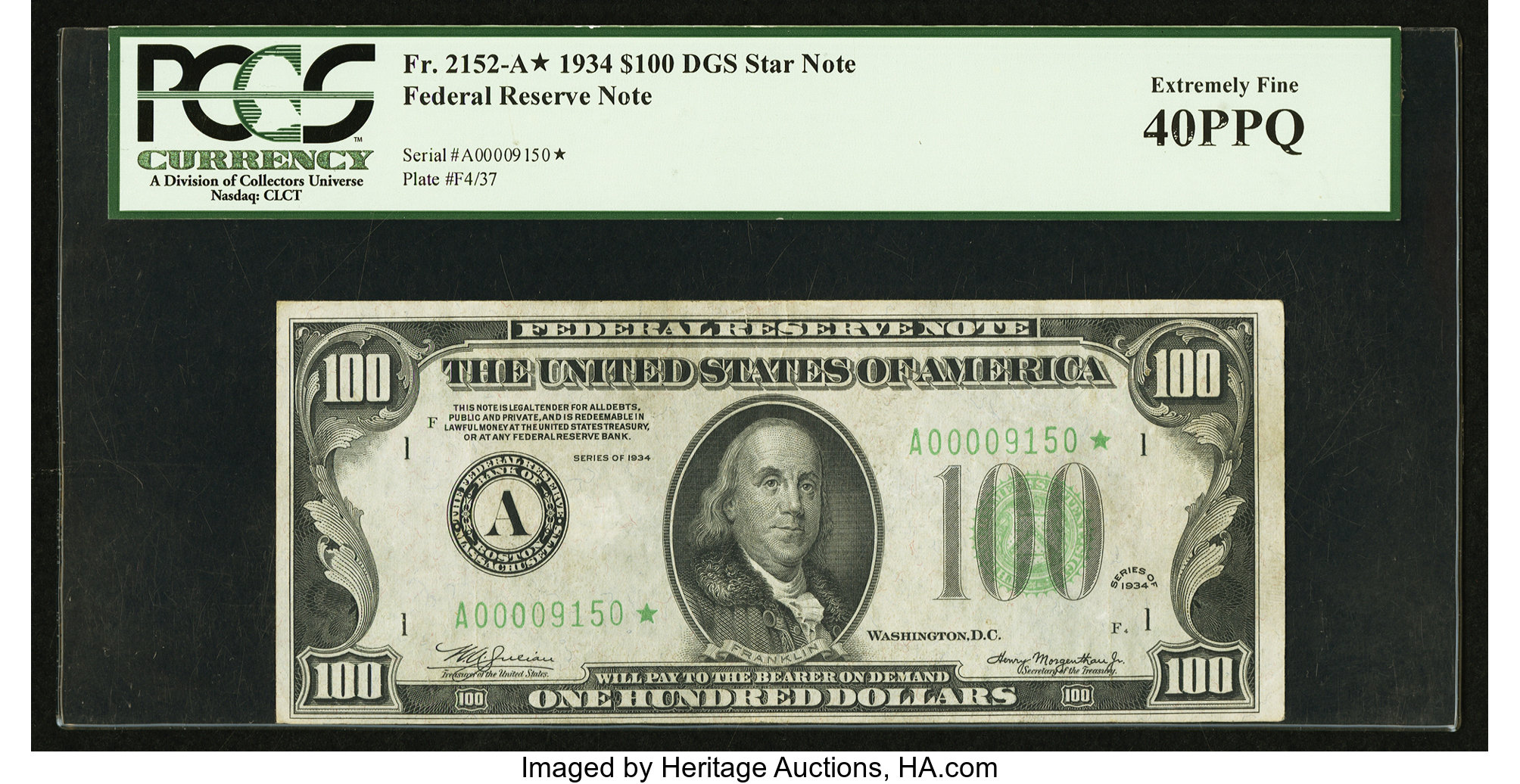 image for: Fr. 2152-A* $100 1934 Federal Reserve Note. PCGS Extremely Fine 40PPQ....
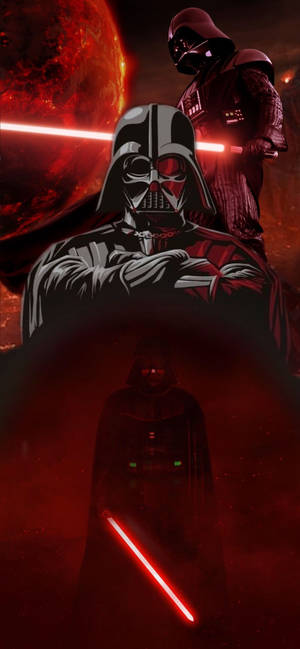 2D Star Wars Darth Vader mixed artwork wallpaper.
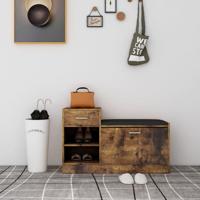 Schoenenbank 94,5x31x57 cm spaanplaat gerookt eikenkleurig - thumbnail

__________

Pictures are to be left out; otherwise, copy exactly each line from the one containing "2D Star Wars" through the last line of the listing.

* Output of the exercise:
 2D Star Wars Darth Vader mixed artwork wallpaper.
 Schoenenbank 94,5x31x57 cm spaanplaat gerookt eikenkleurig - thumbnail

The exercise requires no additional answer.